La Corte costituzionale blocca le intercettazioni indirette dei parlamentari

Pubblicato il 25 Marzo 2010 - 19:18 OLTRE 6 MESI FA

La Corte costituzionale mette un freno alla possibilità di “picconare” la legge Boato che limita l’uso processuale di intercettazioni di parlamentari sostenendo che anche le captazioni casuali degli onorevoli (quelle nelle quali ad essere messa sotto controllo è l’utenza di qualcuno che conversa con il parlamentare) devono essere autorizzate dalla Camera, specie se i pm finiscono per “prendere di mira”, negli ascolti, il politico finito casualmente nell’inchiesta.

E poi – dicono i giudici costituzionali – non si può parlare di intercettazioni casuali quando il parlamentare risulta addirittura già iscritto nel registro degli indagati. Così la Consulta ha dichiarato inammissibili due ricorsi, uno promosso dal Tribunale dei ministri di Roma e relativo a intercettazioni dell’ex ministro verde Alfonso Pecoraro Scanio nell’ambito di una inchiesta del pm di Potenza John Woodcock; l’altro dal gip e dal gup di Napoli nell’ambito dell’inchiesta sugli appalti dell’imprenditore campano Alfredo Romeo nella quale sono finiti i parlamentari Italo Bocchino (Pdl) e Renzo Lusetti (Udc).

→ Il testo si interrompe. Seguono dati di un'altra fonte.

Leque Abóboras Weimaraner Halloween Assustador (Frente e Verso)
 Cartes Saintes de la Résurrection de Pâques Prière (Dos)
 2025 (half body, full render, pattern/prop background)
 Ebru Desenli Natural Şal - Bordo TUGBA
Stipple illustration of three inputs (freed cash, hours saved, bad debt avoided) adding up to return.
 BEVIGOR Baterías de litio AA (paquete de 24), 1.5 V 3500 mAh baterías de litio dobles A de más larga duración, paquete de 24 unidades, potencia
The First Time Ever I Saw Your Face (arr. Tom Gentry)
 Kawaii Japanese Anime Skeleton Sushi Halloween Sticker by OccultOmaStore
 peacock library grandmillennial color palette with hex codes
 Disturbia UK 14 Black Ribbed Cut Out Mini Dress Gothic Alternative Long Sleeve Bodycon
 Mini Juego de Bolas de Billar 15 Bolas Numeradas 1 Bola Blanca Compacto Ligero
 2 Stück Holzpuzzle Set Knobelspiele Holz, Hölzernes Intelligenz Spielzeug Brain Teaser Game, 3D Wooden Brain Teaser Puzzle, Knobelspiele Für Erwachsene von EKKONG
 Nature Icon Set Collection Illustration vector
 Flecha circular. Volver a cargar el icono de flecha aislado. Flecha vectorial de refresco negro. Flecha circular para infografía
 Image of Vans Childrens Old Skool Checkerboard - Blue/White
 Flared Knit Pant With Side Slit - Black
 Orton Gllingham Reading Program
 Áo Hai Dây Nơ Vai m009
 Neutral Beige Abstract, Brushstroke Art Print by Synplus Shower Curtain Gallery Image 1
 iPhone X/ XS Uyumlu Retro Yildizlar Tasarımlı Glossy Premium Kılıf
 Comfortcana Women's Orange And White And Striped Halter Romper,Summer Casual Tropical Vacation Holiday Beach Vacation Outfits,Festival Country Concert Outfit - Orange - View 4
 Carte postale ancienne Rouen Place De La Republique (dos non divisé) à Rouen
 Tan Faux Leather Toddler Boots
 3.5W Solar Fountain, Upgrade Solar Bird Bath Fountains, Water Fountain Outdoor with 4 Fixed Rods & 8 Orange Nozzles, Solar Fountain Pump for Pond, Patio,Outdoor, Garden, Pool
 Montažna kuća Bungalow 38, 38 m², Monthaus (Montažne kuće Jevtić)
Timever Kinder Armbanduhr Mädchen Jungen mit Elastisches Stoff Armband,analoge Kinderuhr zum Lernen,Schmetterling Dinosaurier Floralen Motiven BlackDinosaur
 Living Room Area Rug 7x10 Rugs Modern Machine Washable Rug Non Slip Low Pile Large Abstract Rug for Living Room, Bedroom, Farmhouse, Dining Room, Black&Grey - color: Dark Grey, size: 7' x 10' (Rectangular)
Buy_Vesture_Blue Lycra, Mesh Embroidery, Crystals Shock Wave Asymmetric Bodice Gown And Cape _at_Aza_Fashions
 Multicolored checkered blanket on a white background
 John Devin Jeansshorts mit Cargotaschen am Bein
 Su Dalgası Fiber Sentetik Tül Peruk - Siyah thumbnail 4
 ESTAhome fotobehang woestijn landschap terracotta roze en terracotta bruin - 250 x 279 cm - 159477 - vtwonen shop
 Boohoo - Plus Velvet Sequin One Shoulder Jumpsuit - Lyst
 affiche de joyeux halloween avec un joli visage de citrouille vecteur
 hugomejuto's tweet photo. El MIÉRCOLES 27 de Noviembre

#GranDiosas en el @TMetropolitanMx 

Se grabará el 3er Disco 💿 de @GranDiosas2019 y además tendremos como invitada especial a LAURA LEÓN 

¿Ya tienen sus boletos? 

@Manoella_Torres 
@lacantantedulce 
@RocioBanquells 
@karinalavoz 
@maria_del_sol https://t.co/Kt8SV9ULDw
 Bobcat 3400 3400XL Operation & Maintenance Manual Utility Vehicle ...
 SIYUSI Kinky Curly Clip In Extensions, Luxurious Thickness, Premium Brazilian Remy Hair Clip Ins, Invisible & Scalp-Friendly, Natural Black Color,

In particolare la Corte ha bocciato il sospetto di incostituzionalità dei limiti alle intercettazioni rilevando anche che, dalle carte giudiziarie, non si capisce nemmeno se l’ex ministro sia stato intercettato o se è stato tirato in ballo solo da conversazioni degli altri indagati. A fronte di queste “carenze di descrizione della fattispecie” la Consulta ha bocciato l’istanza del Tribunale dei ministri. Invece la Consulta scrive che è “forte” il sospetto che si cerchi di far passare per ‘casuali’ intercettazioni che difficilmente possono essere considerate tali dal momento che il parlamentare risulta già iscritto nel registro degli indagati.

Insomma più che “occasionali” queste intercettazioni sembrerebbero “mirate”. In questo caso la bocciatura della Consulta alla richiesta di mettere in discussione la legge ‘Boato’ è stata pronunciata per l’assenza di verifiche preventive su numerosi aspetti, tra i quali il numero delle conversazioni intercorse tra il parlamentare e il terzo sottoposto ad intercettazione, all’arco di tempo nel quale si sono svolte le captazioni e le proroghe.